Dicho lo anterior, es necesario que Costa Rica implemente con carácter de urgencia políticas para la creación y desarrollo de clusters tecnológicos y startups. Para que esto sea posible, se necesita -entre otras cosas- alta inversión en investigación y desarrollo (I&D). Tradicionalmente, este factor ha sido liderado a una tímida escala por las universidades públicas, con poca participación y enlace con el sector privado. Adicionalmente, las políticas públicas de promoción de emprendimientos deberán incluir y exigir un componente tecnológico, con independencia de la industria en que se desarrollen.

Para ello, sugiero estudiar con detenimiento los casos de éxito internacional. Por ejemplo, en el año 1984 Israel emitió la Ley de I&D (Industrial Research & Development Law) que otorga una serie de beneficios y estímulos fiscales a las empresas para que inviertan en este tipo de actividades.

Actualmente, Israel cuenta con más de 100 centros de I&D. Por otra parte, en el año 1992 se lanzó el programa Yozla para fomentar la inversión de capital de riesgo, en donde participan conjuntamente el gobierno con el sector privado.

Esto le ha permitido generar empleo, desarrollar industrias en ciencia y tecnología, promover la balanza de pagos a través de la manufactura y exportación de componentes tecnológicos y/o royalties (pago por el uso de licencias). Políticas similares han sido implementadas en otros países tales como Singapur y más recientemente, Estonia.

Emprendedores

En segundo lugar, debemos transformar nuestros modelos educativos, acostumbrados a las prácticas memorísticas, de poco estímulo y dinamismo, donde se reprime el "fracaso" y se desincentivan la experimentación e innovación.

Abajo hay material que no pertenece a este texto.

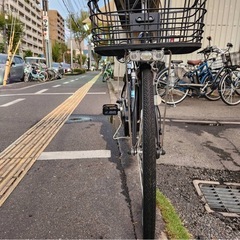 中古ブリヂストン電動アシスト自転車　8.7Ah 大阪の画像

Precisamente, el sector educativo es una de las industrias que sufrirá mayor transformación a escala masiva y global, no sólo en el uso de plataformas virtuales y de inteligencia artificial (EdTech), sino también en el fomento de habilidades blandas. El uso generalizado de cursos virtuales transfronterizos representará un gran reto para los gobiernos que afrontarán poblaciones más educadas, exigentes de nuevos retos y oportunidades.

Otra medida necesaria es el desarrollo de canales o corredores tecnológicos, implementados con éxito en diversos países como Alemania, Holanda, los Estados Unidos, etcétera, lo que conlleva una alta coordinación interinstitucional.

Por otra parte, se deben atacar los principales problemas que enfrentan los emprendedores nacionales: alta burocracia, pago de altas cargas sociales y de impuestos, falta de acceso a información, costos por el procesamiento de pagos y una legislación en muchos casos obsoleta, diseñada para los antiguos modelos industriales. Como mínimo, los emprendedores deberían estar exentos de impuestos y cargas sociales durante un tiempo limitado mientras se desarrolla su negocio.

Son muchos los nuevos retos por enfrentar, sin embargo, en los últimos días hemos visto las ventajas de ser un país pequeño y con grandes instituciones. También nos ha mostrado la importancia de la coordinación entre el sector público y privado para alcanzar grandes logros.

Si actuamos rápida y efectivamente, seremos capaces de crear varias ventajas comparativas en Latinoamérica y el mundo.

Por ello, insto al Gobierno y a la Asamblea Legislativa a iniciar y ejecutar un Plan Económico en paralelo con las aplaudibles acciones en salubridad pública. No esperemos hasta el final para reaccionar. Esta es nuestra oportunidad. Hagámoslo juntos.